- What you are asked to do:
Copy the listing below in full and skip every picture.

(Beginning of Recorded information)

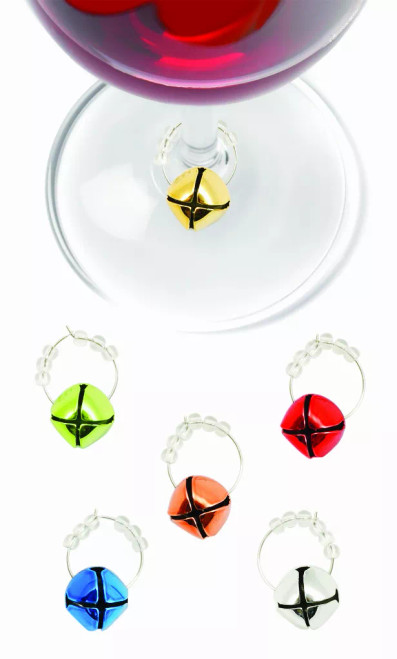 Jingle: Holiday Wine Charms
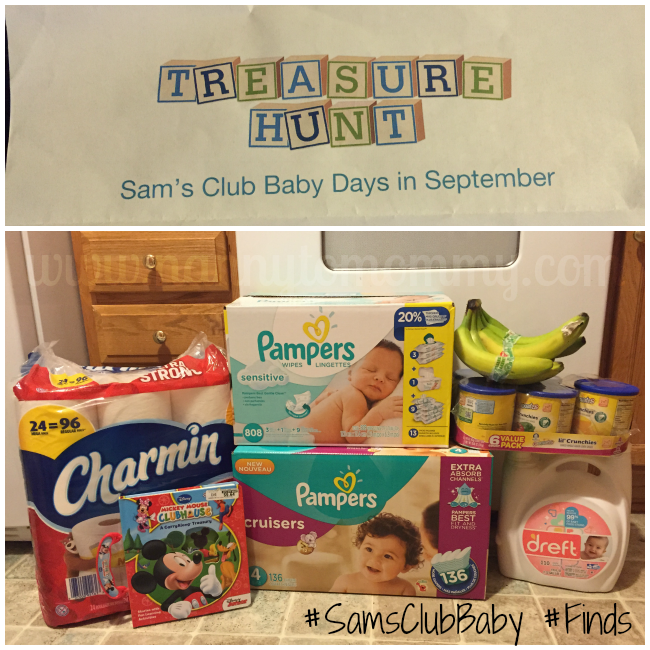 Baby Days at Sam's Club Nanny to Mommy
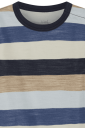Hust & Claire Baloo Wide Stripe ull/bambus body   cloud blue (74)   74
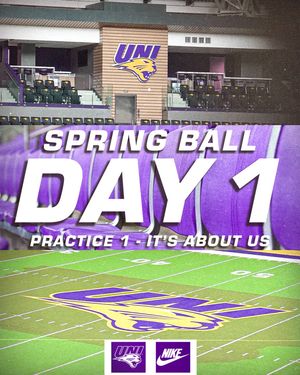 Image post by @unipantherfootball on Instagram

(End of Recorded information)

- Completed exercise:
 Jingle: Holiday Wine Charms
 Baby Days at Sam's Club Nanny to Mommy
Hust & Claire Baloo Wide Stripe ull/bambus body   cloud blue (74)   74
 Image post by @unipantherfootball on Instagram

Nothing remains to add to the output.